The modern Phillips curve relates inflation to unemployment and inflation expectations: inflation = expected inflation + a function of the output gap. Unlike the original Phillips curve, it accounts for the fact that inflation expectations can shift the entire relationship. The expectations term explains stagflation and why policymakers must manage expectations to control inflation without accepting high unemployment.
You already know the original Phillips curve: the empirical observation that low unemployment tends to accompany high inflation, and vice versa, suggesting a stable policy tradeoff. The expectations-augmented version, developed by Milton Friedman and Edmund Phelps in the late 1960s — just before the data dramatically validated their theory — explains why that original tradeoff was an illusion. The key insight: workers and firms care about real wages, not nominal wages. When inflation rises, they will eventually demand higher nominal wages to keep pace.

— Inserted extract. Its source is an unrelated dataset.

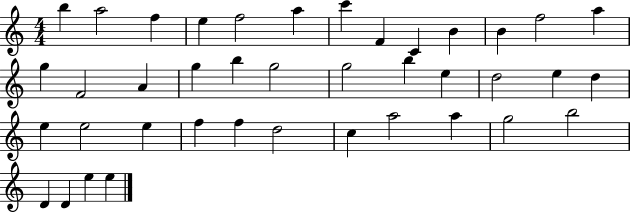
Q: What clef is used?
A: treble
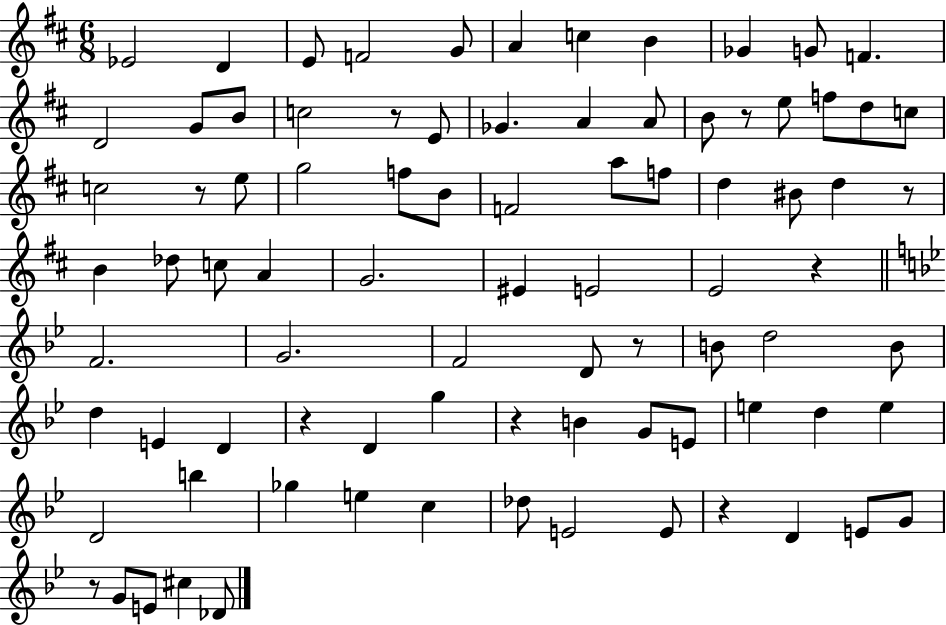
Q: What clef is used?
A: treble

That adjustment process is what destroys the stable inflation-unemployment tradeoff.
The modern equation is: π = πᵉ + β(u* − u) + supply shocks. Here π is actual inflation, πᵉ is expected inflation, u is actual unemployment, u* is the natural rate, and the term β(u* − u) represents the effect of the output gap on inflation pressure. Read it in plain language: inflation today equals what people expected it would be, plus any pressure coming from unemployment being below or above the natural rate, plus supply shocks. If unemployment equals the natural rate (u = u*), inflation equals expected inflation exactly. There is no permanent tradeoff — the economy can only hold unemployment below the natural rate temporarily, while it generates surprise inflation that expectations have not yet caught up with.

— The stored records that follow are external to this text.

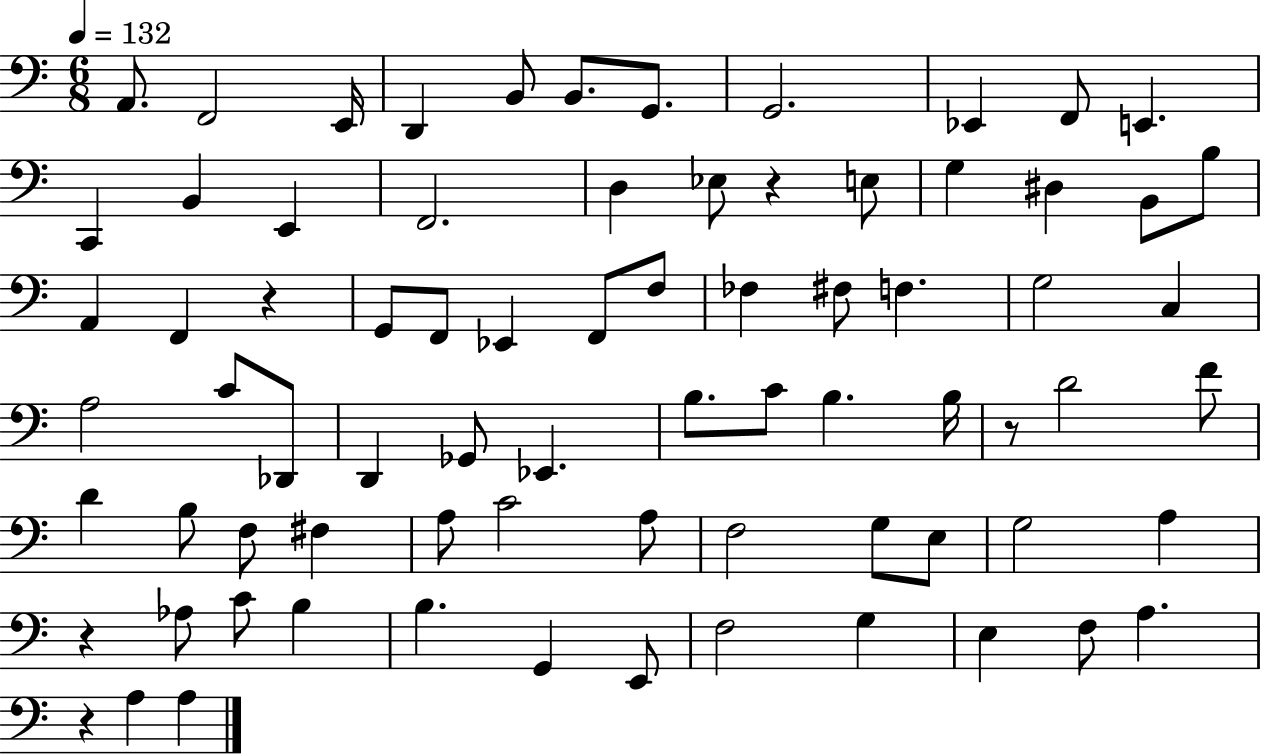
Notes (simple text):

A2/e. F2/h E2/s D2/q B2/e B2/e. G2/e. G2/h. Eb2/q F2/e E2/q. C2/q B2/q E2/q F2/h. D3/q Eb3/e R/q E3/e G3/q D#3/q B2/e B3/e A2/q F2/q R/q G2/e F2/e Eb2/q F2/e F3/e FES3/q F#3/e F3/q. G3/h C3/q A3/h C4/e Db2/e D2/q Gb2/e Eb2/q. B3/e. C4/e B3/q. B3/s R/e D4/h F4/e D4/q B3/e F3/e F#3/q A3/e C4/h A3/e F3/h G3/e E3/e G3/h A3/q R/q Ab3/e C4/e B3/q B3/q. G2/q E2/e F3/h G3/q E3/q F3/e A3/q. R/q A3/q A3/q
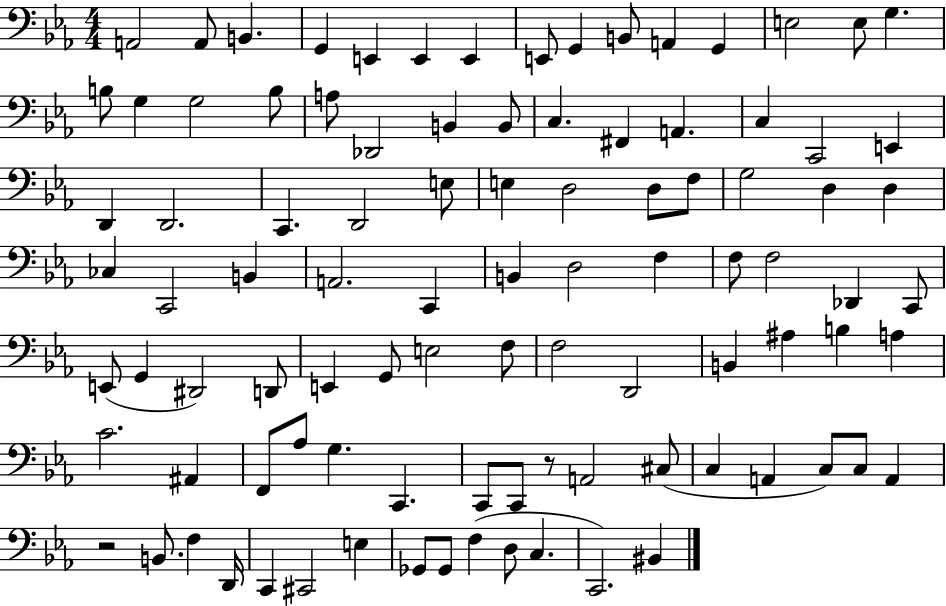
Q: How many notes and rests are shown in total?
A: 97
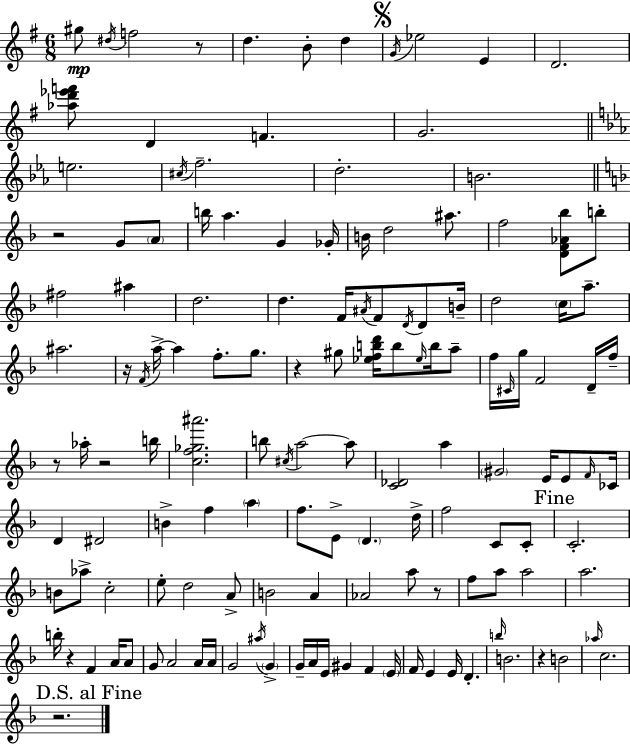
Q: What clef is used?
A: treble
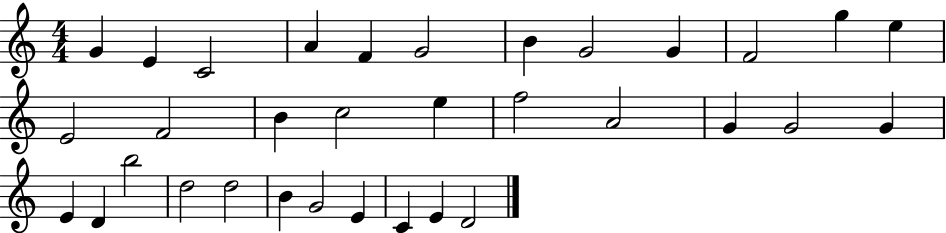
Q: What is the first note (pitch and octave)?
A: G4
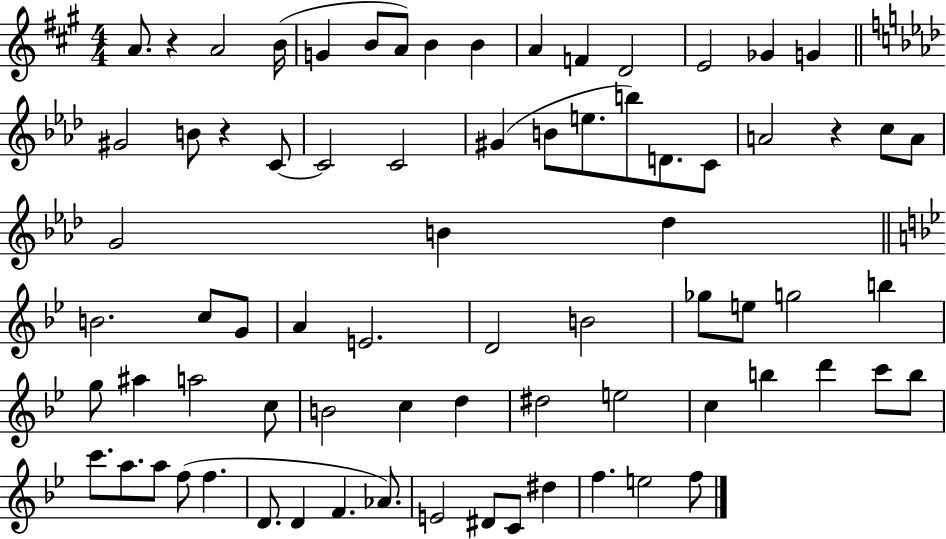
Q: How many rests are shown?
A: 3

The stagflation of the 1970s was the decisive empirical proof. Conventional Keynesian models predicted that higher inflation would buy lower unemployment. Instead, both rose simultaneously — unemployment climbed even as inflation accelerated. The expectations-augmented explanation: a decade of expansionary policy had pushed inflation consistently above earlier expectations, causing workers and firms to revise expectations upward. Each upward revision of πᵉ shifted the entire Phillips curve upward, so maintaining the same low unemployment required ever-higher inflation, and eventually not even that was enough. The policy lesson: you can exploit the unemployment-inflation tradeoff only temporarily, and only by generating inflation faster than people anticipate. Once expectations adapt, the curve shifts and the tradeoff disappears.
This reframing makes expectations management central to modern monetary policy. Under rational or adaptive expectations, if a central bank consistently targets 2% inflation and is credible, πᵉ anchors near 2%. Then the Phillips curve equation says that as long as unemployment stays near the natural rate and there are no supply shocks, inflation stays near 2% — automatically. A credible inflation target is a self-fulfilling equilibrium. Conversely, if credibility breaks down and expectations become unanchored (as happened in the 1970s), getting inflation back down requires accepting unemployment above the natural rate — a deliberate recession — to convince the public that inflation will fall. The Volcker disinflation of 1981–82 is the canonical case: the Fed raised rates sharply, unemployment hit 10%, but it successfully broke high inflation expectations, pulling the Phillips curve back down to a position where moderate inflation and acceptable unemployment could coexist.